Channing Tatum has been pitching an unusual take on Peter Pan, rumored to be a prequel positing that Pan and his lifelong enemy Captain Hook are actually brothers. (Tatum would play neither, but the movie has scribe Billy Ray and Alice in Wonderland producer Joe Roth attached.) Still, that’s not as far-fetched as another Pan project starring Aaron Eckhart, which modernizes and darkens the story: Now Hook is a tormented detective (Eckhart) on the hunt for a Peter Pan reimagined as a childlike kidnapper.
The Wizard of Oz
For now, the land of Oz has averted a showdown even bigger than Dorothy vs. the Wicked Witch. Last summer, two high-profile Oz pictures were percolating: the Sam Raimi–directed prequel Oz, the Great and Powerful, and the big-screen transfer of the Broadway musical Wicked, which had directors like J.J. Abrams and Ryan Murphy interested.
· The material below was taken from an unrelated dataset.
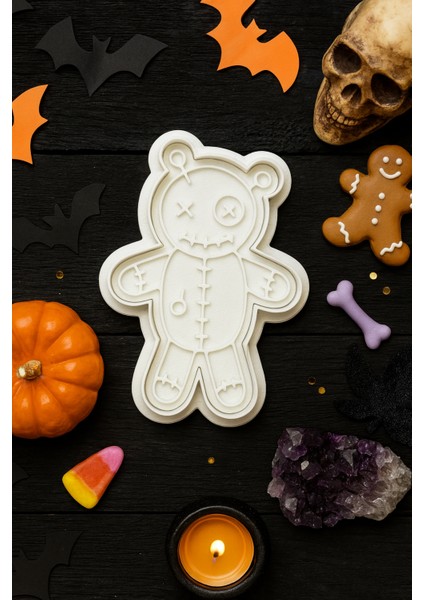 Halloween Voodoo Teddy Bear Kurabiye Kalıbı – Cadılar Bayramı Şeker Hamuru ve Oyun Hamuru Kalıbı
However, there’s still no one attached to helm that movie, while Raimi has set James Franco, Mila Kunis, and Michelle Williams for his trip to Oz, which will be released next March. Whether that will put the kibosh on Wicked for the time being remains to be seen, but it can’t be good news for two other Oz movies in development at both Warner Bros. and New Line.
The Little Mermaid
Hanna director Joe Wright has long wanted to direct a version of The Little Mermaid that hews closer to its fairy-tale origins. As he once put it to Vulture: “It will be dark. I hate the idea that they destroyed the ending of the original in the Disney version.” He’ll have some competition, though, since Country Strong director Shana Feste is developing an adaptation of the book Mermaid: A Twist on the Classic Tale, which expands the source story into an adult love triangle.
TV Fairy Tales
The fairy-tale boom doesn’t stop at the multiplex. This fall, NBC will launch Grimm, a detective series where the hero cuffs fantasy villains and is aided by a big, bad wolf; at the same time, ABC’s got Once Upon a Time, which flashes between fairy-tale characters in their own fantasy land (including Ginnifer Goodwin as Snow White) and the real world, where they end up after an evil queen strikes them with an amnesiac curse. A word of advice to both shows: stay away from Hansel and Gretel and Jack and the Beanstalk, since those are the only two fairy-tale projects in development with no current competition. The former (Hansel and Gretel: Witch Hunters), starring Jeremy Renner, and the latter (Jack the Giant Killer), starring Nicholas Hoult and directed by Bryan Singer, are both due out next year in movie theaters.